Ein böser Brief von Uli Büscher

In den Medien sorgte der Fall derweil für ein ziemliches Aufsehen: Vor meinem Krankenzimmer standen die Reporter Schlange, und eine Woche nach dem Malheur wurde ich vom ZDF ins "Aktuelle Sportstudio" eingeladen. Das war mein Glück, denn nur weil ich in der Sendung einen recht guten Eindruck gemacht hatte, ließ mich der DFB 14 Tage später das große Derby zwischen Borussia Mönchengladbach und dem 1. FC Köln pfeifen. In diesem Spiel habe ich mich wieder ganz normal gefühlt und auch überhaupt keine Angst vorm Ball gehabt.

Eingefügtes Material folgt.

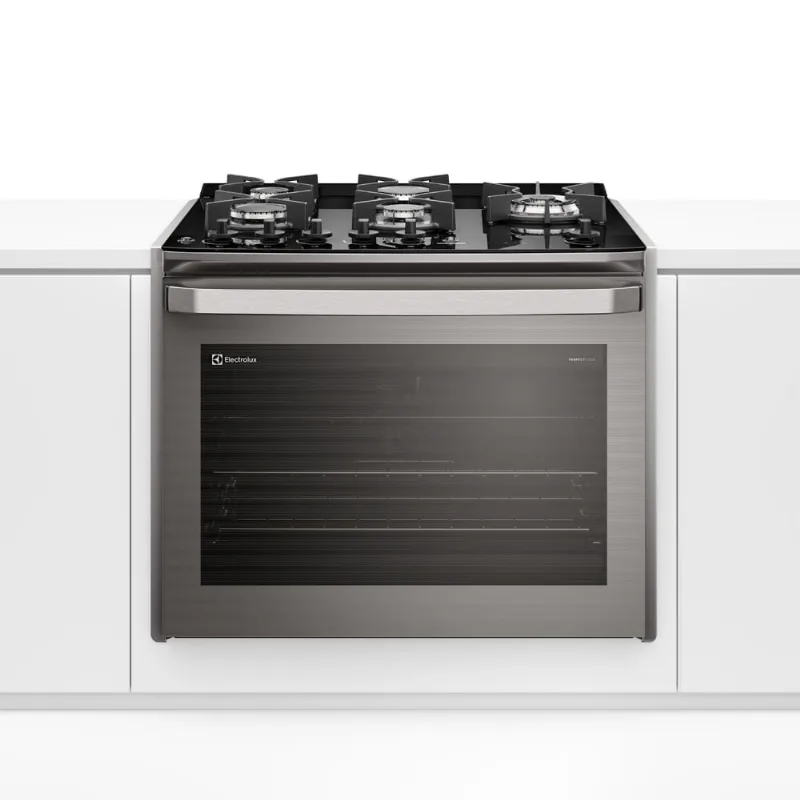 Fogão de Embutir 5 bocas Electrolux Cinza Experience Mesa Vidro, Grill e PerfectCook360 (FE5EG) 127V - Electrolux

So wäre die Geschichte also für alle Beteiligten gut ausgegangen - wenn ich nicht einen bösen Brief von Uli Büscher bekommen hätte. Er hatte sich zwar längst bei mir für seinen fatalen Schuss entschuldigt. Doch jetzt glaubte er irrtümlich, ich hätte ihn auf Schadenersatz verklagt. Dahinter steckte meine Krankenkasse. Sie wollte sich die Behandlungskosten, immerhin stolze 60.000 Mark, von Büscher wiederholen. Es ist schon erstaunlich, wie viel Ärger ein so harmlos aussehender Befreiungsschlag einbringen kann - mir, der Kasse und Uli Büscher. Hätte er die Pille doch bloß auf die Tribüne gehauen!